To learn more, see also Synchronous and asynchronous upload and Working with Metadata.
Sessions
Asynchronous upload uses the mechanism of sessions to upload your files to deepset Cloud. A session stores the ingestion status of the files: the number of failed and finished files. Each session has an ID so you can check its details anytime.
A session starts when you initiate the upload. For SDK, it opens when you call the upload method or command and closes when the upload is finished. A session expires after 24 hours. You can have a maximum of 10 open sessions.

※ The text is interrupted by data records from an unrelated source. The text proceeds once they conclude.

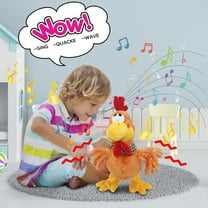 11" Electronic Squawking Easter Chicken Stuffed Animal Interactive Musical Walking Singing Waving Rooster Plush Toy with Bib Gift for Kids Boys Girls Thanksgiving Day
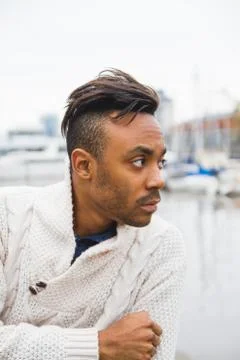 Latin man posing outdoors Stock Photos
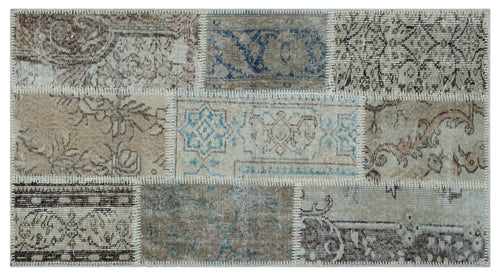 Beige Over Dyed Patchwork Unique Rug 2'7'' x 4'11'' ft 80 x 150 cm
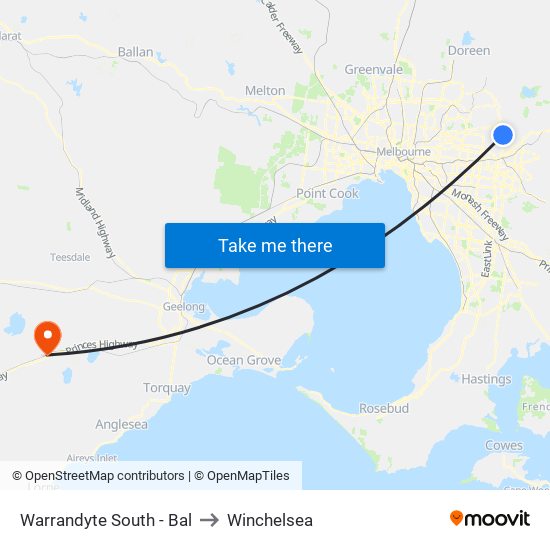 Warrandyte South - Bal to Winchelsea map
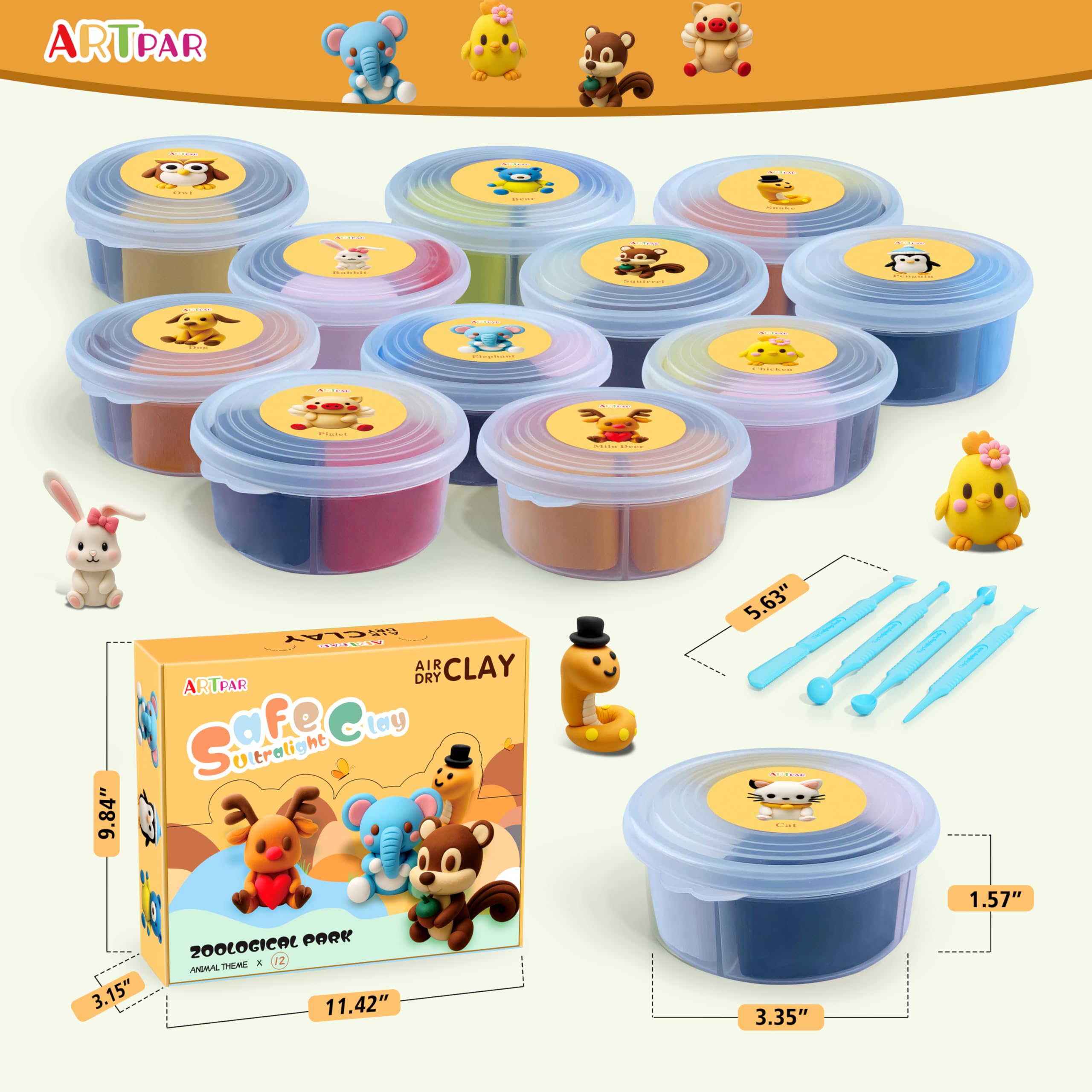 ARTPAR clay colors and tins show vibrant hues for kid-friendly crafting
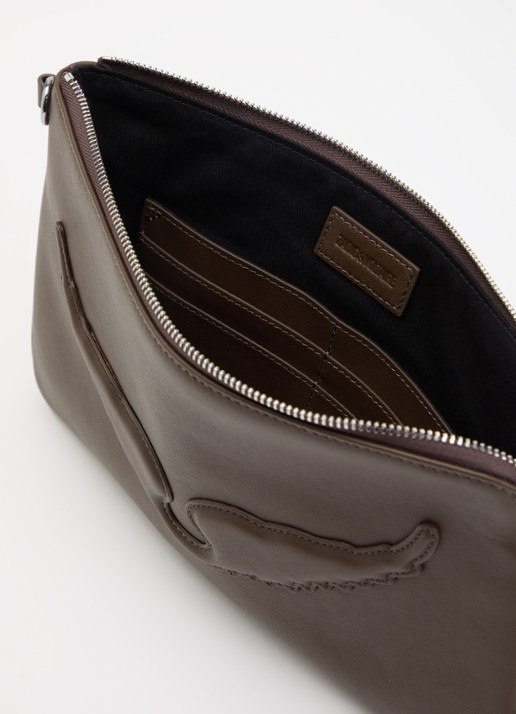 Zadig&Voltaire Dames Angel clutch van leer met logo in de kleur Bruin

When using the SDK, you don't have to worry about the sessions as the SDK takes care of opening and closing them for you. They're just there if you want to check the status of your past and current uploads.
Folder Structure
You don't need to follow any specific folder structure. If your folder contains files with the same name, all these files are uploaded by default. You can set the write mode to overwrite the files, keep them all, or fail the upload.
File Extensions
Make sure your files have lowercase extensions, for example, my_file.pdf, instead of my_file.PDF. The SDK doesn't upload files with uppercase extensions.
Prerequisites
- Install the SDK
- Generate an API Key to connect to a deepset Cloud workspace.
Upload Scripts Examples
Upload From a Folder
Here is an example of a synchronous and asynchronous way to upload files from a folder.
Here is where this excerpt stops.